Some consider the lack of mention proves the modesty of King Hezekiah who did not want to be immortalized in the inscription. Although most scholars attribute the Siloam Inscription to the second Iron Age, there is also another opinion that the tunnel was cut much later, during the Maccabean period of the 2nd century to 37 BC.
Two respected scholars, John Rogerson and Philip Davies of the University of Sheffield in England, contended that the tunnel was dug in the Late Second Temple period. “The bottom line can be simply stated,” they wrote. “The tunnel was not built by Hezekiah but several centuries later.”
On October 24, 1867, British Army Captain Charles Warren, while working with the Palestine Exploration Fund (PEF), along with his colleague, Sergeant Birtles, explored a stone tunnel that the Gihon spring flowed through.
Using only simple wooden ladders, they climbed up a vertical shaft where they found an underground rocky passage, which was clogged with debris and stones.
The next explorers of the underground tunnels were Capian Montagu, son of the Earl, and the treasure hunter M. Parker. They hoped to discover the legendary treasures of King Solomon, but only found a few more short tunnels. They invited Father Hugo Vincent, a Catholic priest and archaeologist from the Ecole Franciscan Institute for Biblical Archeology, to work alongside them. His drawings and reports are important scientific documents used by scholars to this day.
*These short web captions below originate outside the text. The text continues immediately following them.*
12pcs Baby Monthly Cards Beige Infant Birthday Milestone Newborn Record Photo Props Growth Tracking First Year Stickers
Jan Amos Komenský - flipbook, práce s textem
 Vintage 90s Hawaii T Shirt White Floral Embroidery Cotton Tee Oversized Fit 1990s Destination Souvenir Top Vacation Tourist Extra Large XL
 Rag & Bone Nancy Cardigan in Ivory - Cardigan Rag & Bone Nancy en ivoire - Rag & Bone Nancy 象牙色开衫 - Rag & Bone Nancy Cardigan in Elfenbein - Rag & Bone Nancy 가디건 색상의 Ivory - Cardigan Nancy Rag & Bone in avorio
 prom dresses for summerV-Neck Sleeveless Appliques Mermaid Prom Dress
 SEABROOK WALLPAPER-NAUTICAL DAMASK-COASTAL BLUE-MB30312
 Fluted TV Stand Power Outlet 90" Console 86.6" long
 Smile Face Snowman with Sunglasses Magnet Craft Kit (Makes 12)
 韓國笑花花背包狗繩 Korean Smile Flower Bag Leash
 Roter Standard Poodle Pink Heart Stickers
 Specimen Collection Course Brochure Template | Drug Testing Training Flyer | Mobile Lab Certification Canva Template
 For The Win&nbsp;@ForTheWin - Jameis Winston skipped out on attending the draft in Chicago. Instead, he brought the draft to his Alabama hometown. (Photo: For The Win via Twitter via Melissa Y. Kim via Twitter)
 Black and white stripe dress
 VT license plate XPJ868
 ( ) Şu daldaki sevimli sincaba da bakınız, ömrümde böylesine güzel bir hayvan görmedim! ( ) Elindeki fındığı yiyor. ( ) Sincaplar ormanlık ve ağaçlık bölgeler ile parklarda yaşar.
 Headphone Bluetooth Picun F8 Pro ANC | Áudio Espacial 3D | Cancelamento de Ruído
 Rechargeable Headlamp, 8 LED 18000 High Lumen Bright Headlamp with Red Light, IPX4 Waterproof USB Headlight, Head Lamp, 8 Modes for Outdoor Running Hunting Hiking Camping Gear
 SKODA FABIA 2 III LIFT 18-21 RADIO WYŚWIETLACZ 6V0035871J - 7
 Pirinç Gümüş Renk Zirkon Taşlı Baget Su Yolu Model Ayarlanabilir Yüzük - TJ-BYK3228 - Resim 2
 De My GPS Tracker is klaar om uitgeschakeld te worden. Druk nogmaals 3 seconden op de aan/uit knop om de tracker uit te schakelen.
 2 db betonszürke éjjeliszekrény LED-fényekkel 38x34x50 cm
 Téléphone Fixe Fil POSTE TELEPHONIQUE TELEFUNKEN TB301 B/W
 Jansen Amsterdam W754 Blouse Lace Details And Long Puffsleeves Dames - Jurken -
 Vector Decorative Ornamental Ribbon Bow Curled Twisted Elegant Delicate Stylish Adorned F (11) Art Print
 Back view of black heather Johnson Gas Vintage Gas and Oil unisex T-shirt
The tunnel system consists of several sections. There is a stepped tunnel, a horizontal curved tunnel (the area of the famous Warren's shaft), which connects to the tunnel leading to the Gihon Spring.
According to the hypothesis of C. Warren, the inhabitants of Jerusalem descended into the tunnel and passed through to the mine where they scooped up water in leather bags. At the bottom of the mine, water came from a source through an auxiliary channel which is is 20 m long (65 feet).
Biblical scholars theorize that the conquest of Jerusalem, a city considered to be impregnable and protected from all sides, was launched by King David through this mine. In their opinion, David sent a small party that made their way through the mine into the city where they managed to open the gate.
This explanation is, in principle, consistent with the examples of ancient military conquests and the description of the Bible. Although the pages of the Scriptures do not fully report the tactics used by David to conquer Jerusalem, there is still a small hint found in the book of 2 Samuel,
"...David said on that day, “Whoever climbs up by way of the water
shaft (Tsinor - in
Hebrew) and defeats the Jebusites (the lame
and the blind, who are hated by
David’s soul), he shall be chief and captain.” Therefore they say, “The blind and the lame shall not come into
the house” (2 Samuel
And the book of Chronicles confirms the narrative:
"But the inhabitants of Jebus said to David, “You shall not come in here!” Nevertheless David took the stronghold of Zion (that is, the City of David). Now David said, “Whoever attacks the Jebusites first shall be chief and captain.” And Joab the son of Zeruiah went up first, and became chief. Then David dwelt in the stronghold; therefore they called it the City of David" (1 Chronicles 11: 5-7).
In 1838, American explorer Edward Robinson discovered the tunnel which is believed to have been built by Hezekiah, one of his many important archeological finds in the Land of Israel.
Robinson and his companion tried to crawl into the tunnel.but were unsuccessful.
Later, another researcher, Charles Warren, from Great Britain, attempted a study of the tunnel in 1867 but the effort failed because the water level suddenly arose.
The pulsating stream flowing through the tunnel once endangered the lives of a group of Israeli school children in 1974 when the water level rose suddenly as they passed through it. The children were trapped in it for some time until they were rescued.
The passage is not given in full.